[Records shown]

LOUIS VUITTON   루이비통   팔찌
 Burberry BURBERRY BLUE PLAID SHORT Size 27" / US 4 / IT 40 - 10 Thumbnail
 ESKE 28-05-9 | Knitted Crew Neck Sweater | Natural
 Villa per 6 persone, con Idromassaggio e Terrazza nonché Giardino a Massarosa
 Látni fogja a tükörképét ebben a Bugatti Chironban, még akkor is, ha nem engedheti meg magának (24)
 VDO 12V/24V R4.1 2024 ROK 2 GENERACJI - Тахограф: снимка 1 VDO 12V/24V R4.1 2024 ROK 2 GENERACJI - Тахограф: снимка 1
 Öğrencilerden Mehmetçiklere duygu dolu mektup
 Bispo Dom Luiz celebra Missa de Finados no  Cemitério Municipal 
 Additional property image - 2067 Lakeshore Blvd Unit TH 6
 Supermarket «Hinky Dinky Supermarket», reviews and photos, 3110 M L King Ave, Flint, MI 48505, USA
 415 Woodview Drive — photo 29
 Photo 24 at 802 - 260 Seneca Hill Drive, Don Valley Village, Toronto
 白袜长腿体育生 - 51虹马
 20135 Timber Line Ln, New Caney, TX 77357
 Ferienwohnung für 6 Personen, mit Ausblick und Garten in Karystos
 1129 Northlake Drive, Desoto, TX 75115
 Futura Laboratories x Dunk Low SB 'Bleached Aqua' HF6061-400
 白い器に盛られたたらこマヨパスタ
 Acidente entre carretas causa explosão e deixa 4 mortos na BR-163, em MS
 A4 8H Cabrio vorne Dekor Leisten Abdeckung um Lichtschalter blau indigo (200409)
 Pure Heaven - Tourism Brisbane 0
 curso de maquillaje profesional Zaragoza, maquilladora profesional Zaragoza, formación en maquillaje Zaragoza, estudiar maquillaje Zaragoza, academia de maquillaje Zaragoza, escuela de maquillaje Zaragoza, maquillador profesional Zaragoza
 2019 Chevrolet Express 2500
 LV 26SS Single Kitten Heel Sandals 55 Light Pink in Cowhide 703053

[/Records shown]

## Your task
Repeat each entry above, matching every line exactly.

## Exercise response
LOUIS VUITTON   루이비통   팔찌
 Burberry BURBERRY BLUE PLAID SHORT Size 27" / US 4 / IT 40 - 10 Thumbnail
 ESKE 28-05-9 | Knitted Crew Neck Sweater | Natural
 Villa per 6 persone, con Idromassaggio e Terrazza nonché Giardino a Massarosa
 Látni fogja a tükörképét ebben a Bugatti Chironban, még akkor is, ha nem engedheti meg magának (24)
 VDO 12V/24V R4.1 2024 ROK 2 GENERACJI - Тахограф: снимка 1 VDO 12V/24V R4.1 2024 ROK 2 GENERACJI - Тахограф: снимка 1
 Öğrencilerden Mehmetçiklere duygu dolu mektup
 Bispo Dom Luiz celebra Missa de Finados no  Cemitério Municipal 
 Additional property image - 2067 Lakeshore Blvd Unit TH 6
 Supermarket «Hinky Dinky Supermarket», reviews and photos, 3110 M L King Ave, Flint, MI 48505, USA
 415 Woodview Drive — photo 29
 Photo 24 at 802 - 260 Seneca Hill Drive, Don Valley Village, Toronto
 白袜长腿体育生 - 51虹马
 20135 Timber Line Ln, New Caney, TX 77357
 Ferienwohnung für 6 Personen, mit Ausblick und Garten in Karystos
 1129 Northlake Drive, Desoto, TX 75115
 Futura Laboratories x Dunk Low SB 'Bleached Aqua' HF6061-400
 白い器に盛られたたらこマヨパスタ
 Acidente entre carretas causa explosão e deixa 4 mortos na BR-163, em MS
 A4 8H Cabrio vorne Dekor Leisten Abdeckung um Lichtschalter blau indigo (200409)
 Pure Heaven - Tourism Brisbane 0
 curso de maquillaje profesional Zaragoza, maquilladora profesional Zaragoza, formación en maquillaje Zaragoza, estudiar maquillaje Zaragoza, academia de maquillaje Zaragoza, escuela de maquillaje Zaragoza, maquillador profesional Zaragoza
 2019 Chevrolet Express 2500
 LV 26SS Single Kitten Heel Sandals 55 Light Pink in Cowhide 703053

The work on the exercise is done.